** What to produce **
The copy you return should hold only the lines from the top of the data below through the line with "IEM Cable Fit", each duplicated exactly and with no pictures.

** Material to process **
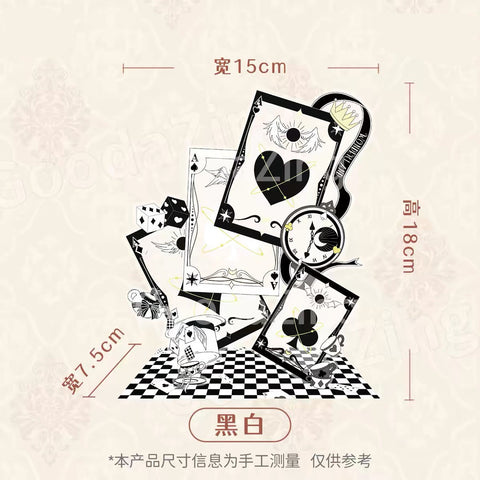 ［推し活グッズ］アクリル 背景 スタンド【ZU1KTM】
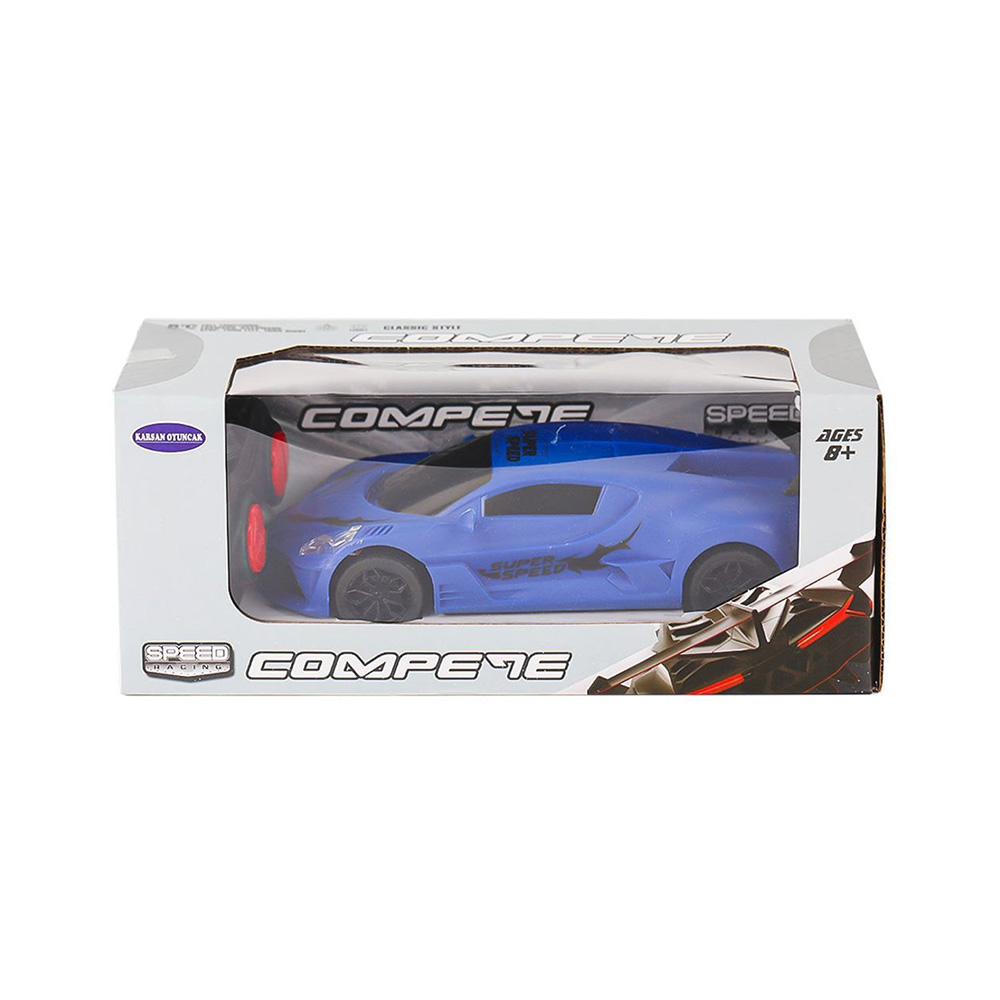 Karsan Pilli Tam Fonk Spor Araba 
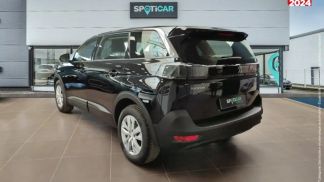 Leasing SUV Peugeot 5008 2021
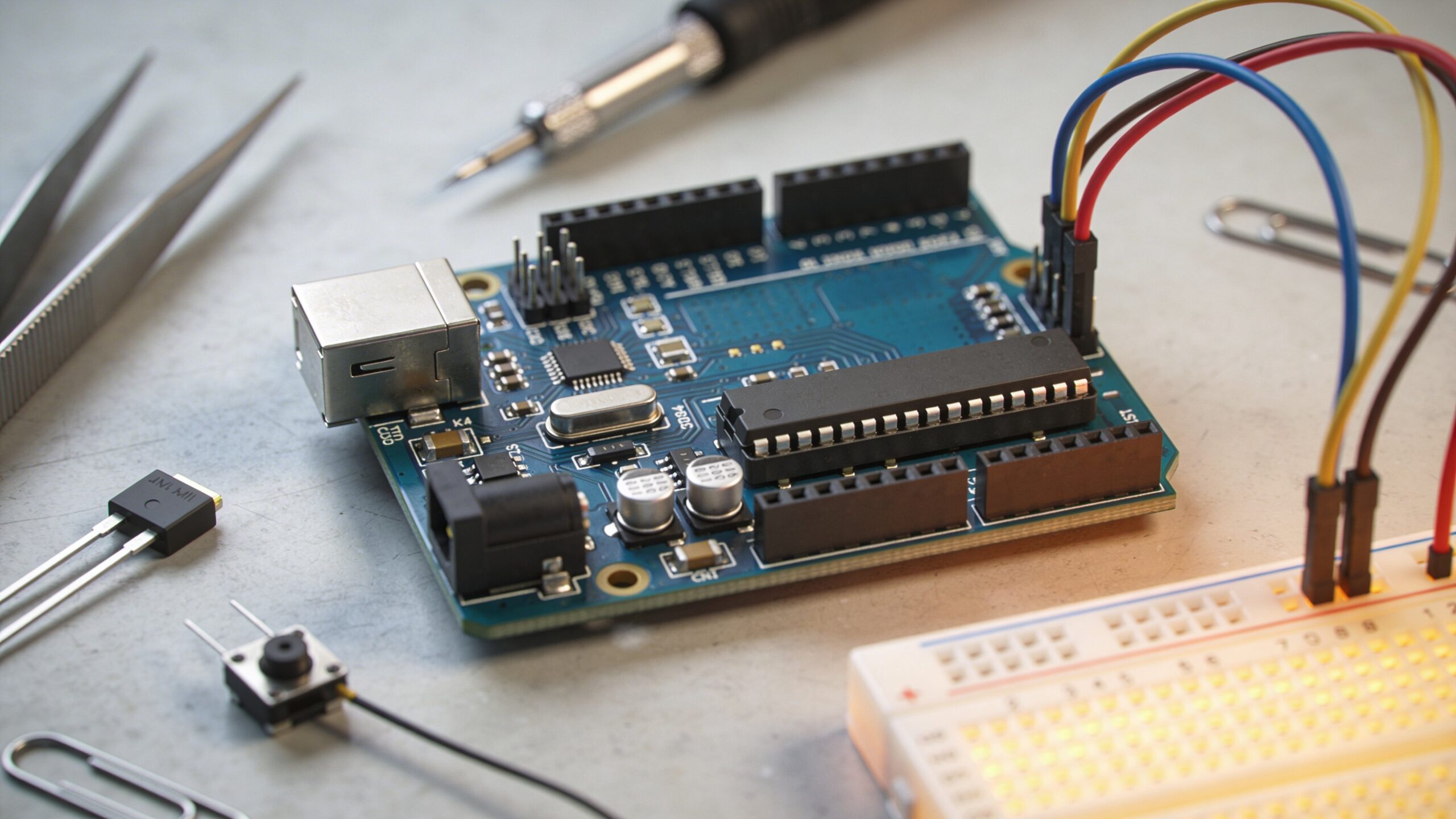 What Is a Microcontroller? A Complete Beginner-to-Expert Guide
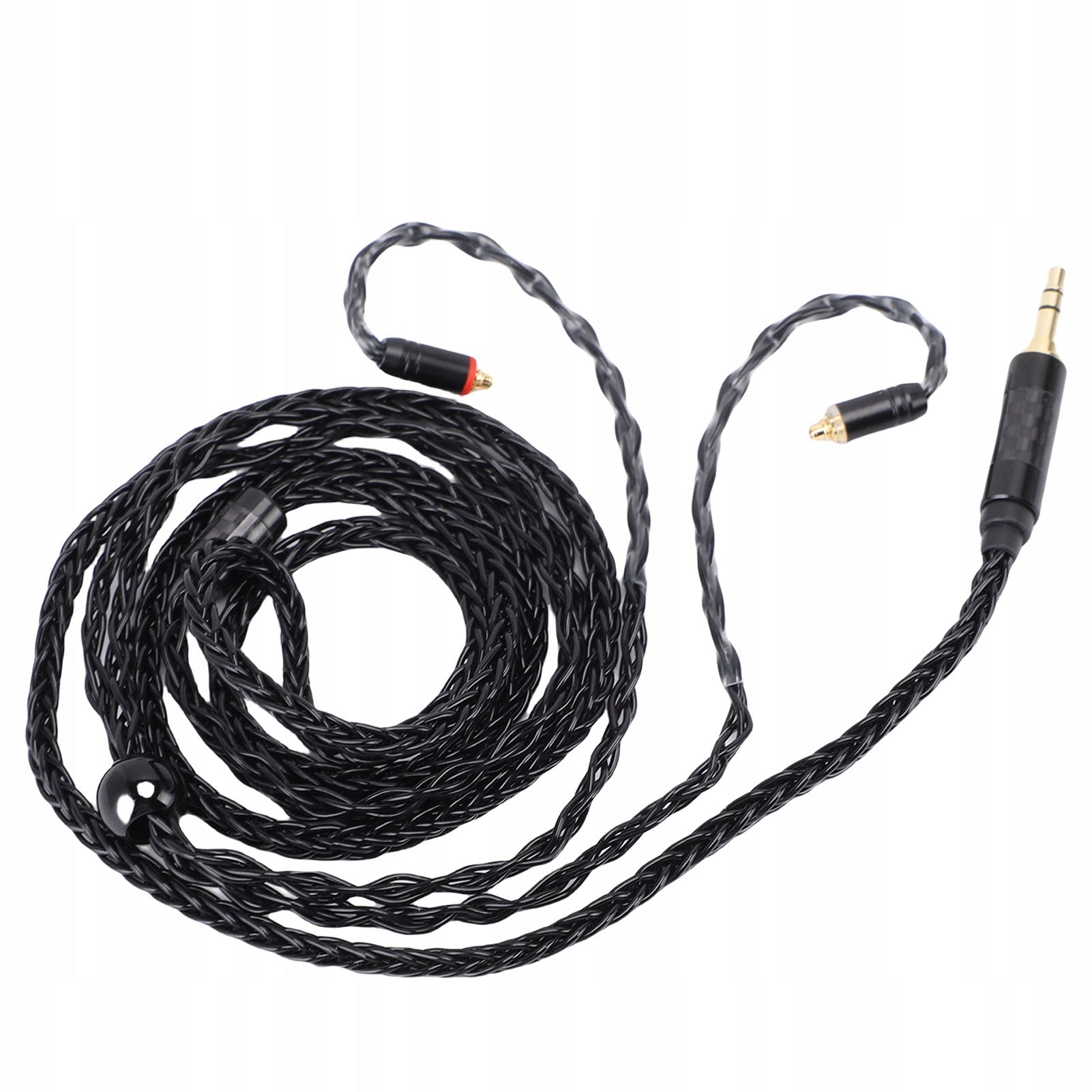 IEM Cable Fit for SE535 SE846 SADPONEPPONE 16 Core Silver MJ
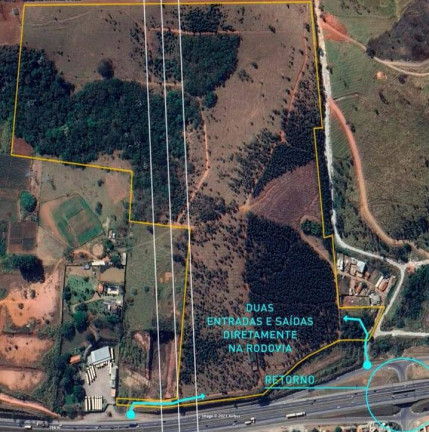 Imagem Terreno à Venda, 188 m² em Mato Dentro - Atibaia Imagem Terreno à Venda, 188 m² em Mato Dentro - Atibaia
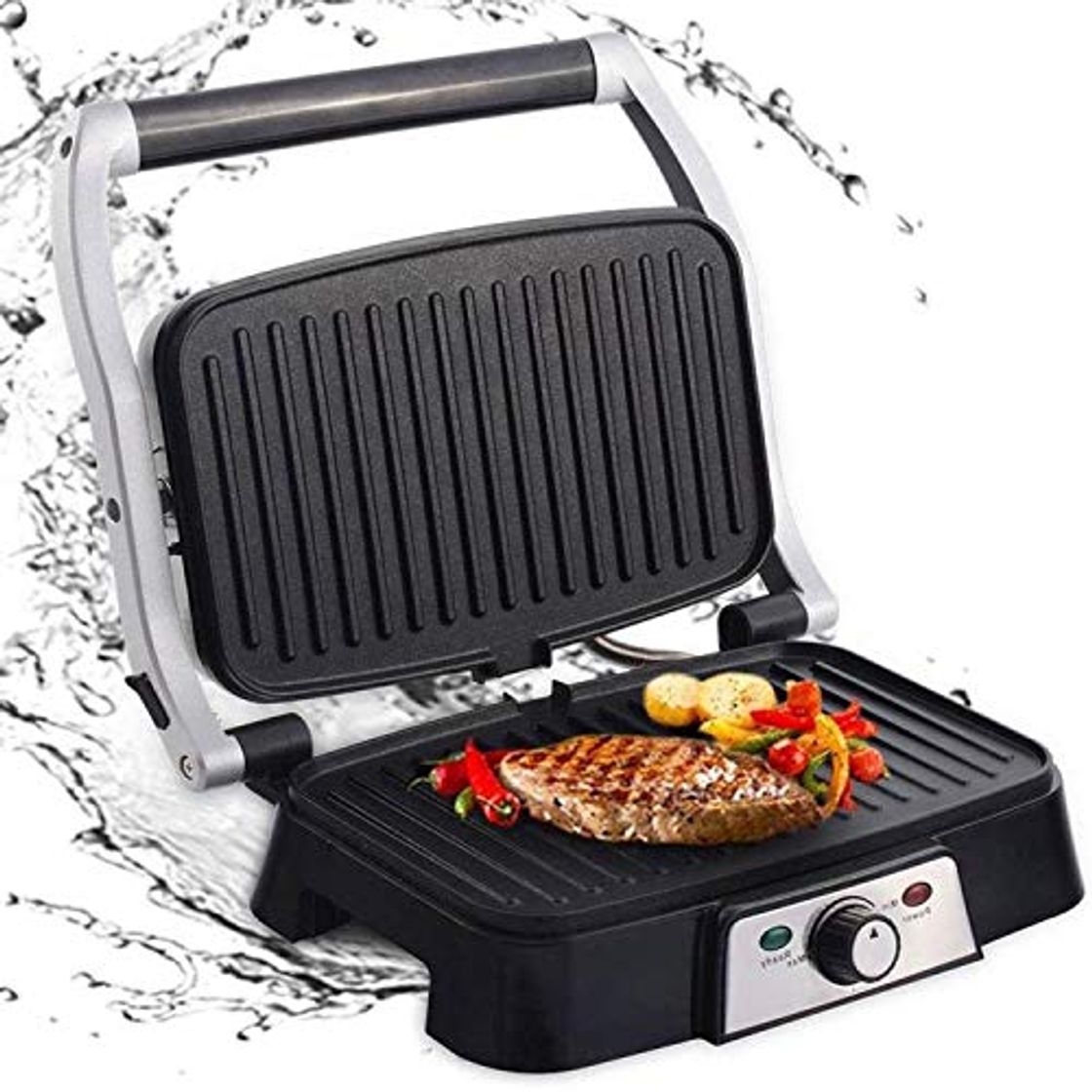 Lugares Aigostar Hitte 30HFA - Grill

** Solved problem **
 ［推し活グッズ］アクリル 背景 スタンド【ZU1KTM】
 Karsan Pilli Tam Fonk Spor Araba 
 Leasing SUV Peugeot 5008 2021
 What Is a Microcontroller? A Complete Beginner-to-Expert Guide
 IEM Cable Fit for SE535 SE846 SADPONEPPONE 16 Core Silver MJ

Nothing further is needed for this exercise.